We are a US-based startup working in the biotech domain. Our product, a web-based data analytics platform, has several unique capabilities, such as the ability to interactively analyze millions of data points in the browser, use AI to learn from data and user actions, or develop and deploy new functionality as plugins.
Our tech stack:
• Orchestration tools: Docker, Kubernetes, AWS ECS
• IaC: Jenkins (Groovy), GitHub Actions, Ansible, Terraform, CloudFormation
• Languages: Dart, JS, Java, Python, Bash
Responsibilities:
• Build services to ingest data into our database and ensure it’s clean, consistent, and highly performant;
• Automate, improve and evolve the deployment process, continuous integration, and testing;
• Building, designing, and optimizing data pipelines and infrastructure;
• Combine raw information from different sources;
• Investigate and troubleshoot issues;
• Improve infrastructure as code;
• Collaborate with developers;
• Optional.

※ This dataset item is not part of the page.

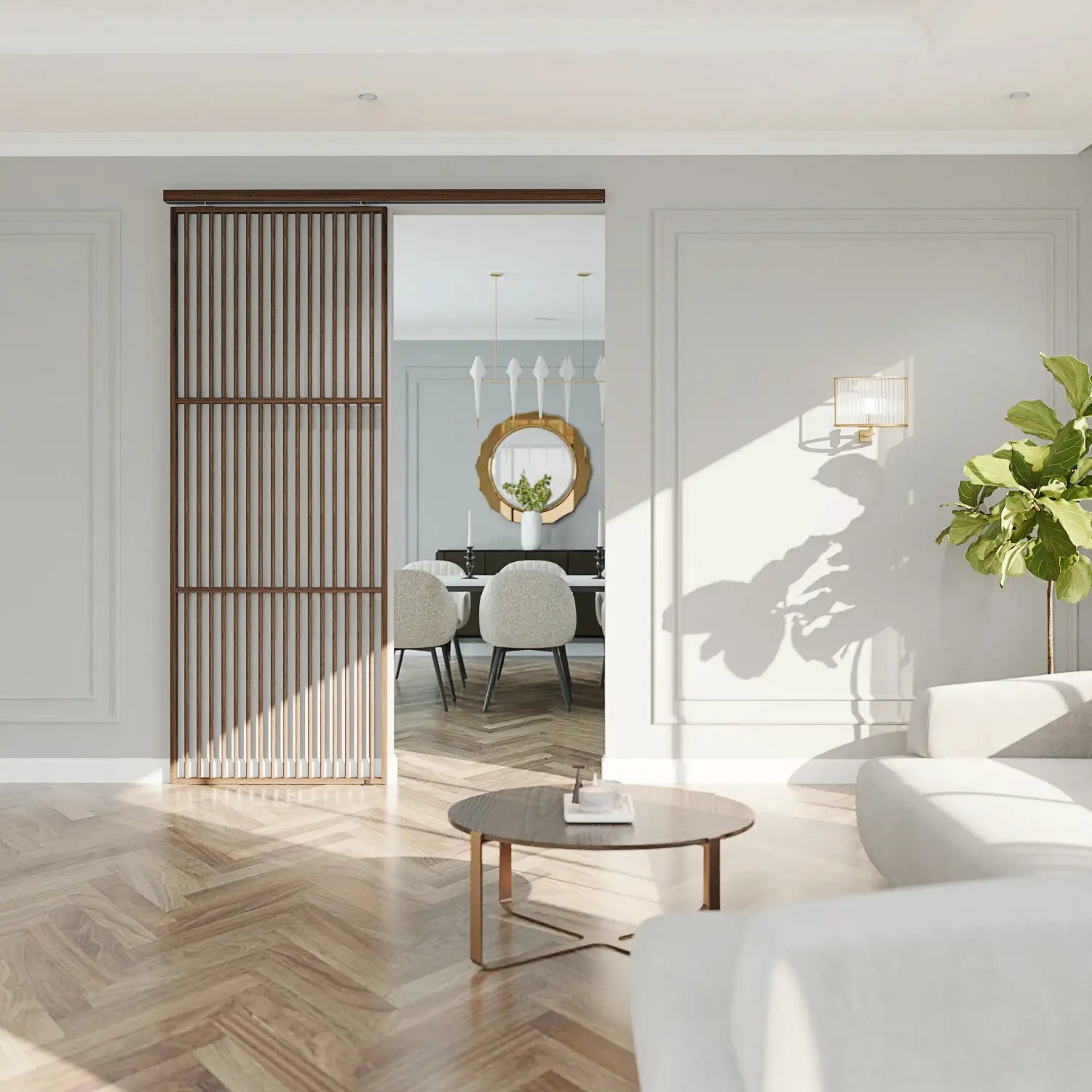 Modern living room with white sofa, wooden coffee table, and decorative elements.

Develop cost-effective scalable ML systems and innovative algorithm solutions
You will also deploy and integrate Datagrok with customer systems in AWS-heavy environments and ensure they function well under load.
While we’re considering candidates with various skill sets and for different levels, this role will be ideal for you if you have a degree in a quantitative field (e.g., mathematics or statistics), strong programming skills (Python, SQL), excellent knowledge of data structure, algorithms, and design patterns. You should be up to date with the diverse technologies in the big data ecosystem and should be able to objectively assess the different approaches to solve the problem at hand.
Requirements:
— 4+ years of experience as a Data Engineer and/or DevOps engineer (rare exceptions for highly skilled developers);
— Experience working with large data sets, simulation/optimization, and distributed computing tools (e.g., Spark, Airflow, Dash, etc.);
— Strong working knowledge of containerized production (e.g., Go/Flask-Server running within Docker, Kubernetes), DevOps and CI/CD principles;
— Hands-on experience with:
◦ managing Linux-based systems;
◦ tools such as Terraform, Ansible;
◦ writing code in one or more languages, such as Python, Bash, Groovy;
◦ with AWS stack and building Infrastructure as Code (Terraform, AWS CloudFormation);
◦ creating continuous integration and continuous delivery CI/CD with Jenkins CI, GitHub Actions, or other CI servers/Build Servers;
◦ Git, Docker;
— Experience with data warehouse technologies: MapReduce, HDFS, Hive, Tez, Spark, Sqoop
— Fluent in English to communicate effectively with native English speakers
Nice to have:
— Hands-on experience with any other provider than AWS;
— Experience with workflow tools: Airflow, Composer;
— Experience developing and deploying machine learning algorithms;
— Extensive knowledge of ML frameworks and libraries;
Position details:
— Flexible working hours;
— Unlimited vacations / PTO;
— Excellent growth opportunities in a highly dynamic, unique product company;
— Zero bureaucracy;
— Paid trainings and certifications;
— Competitive compensation.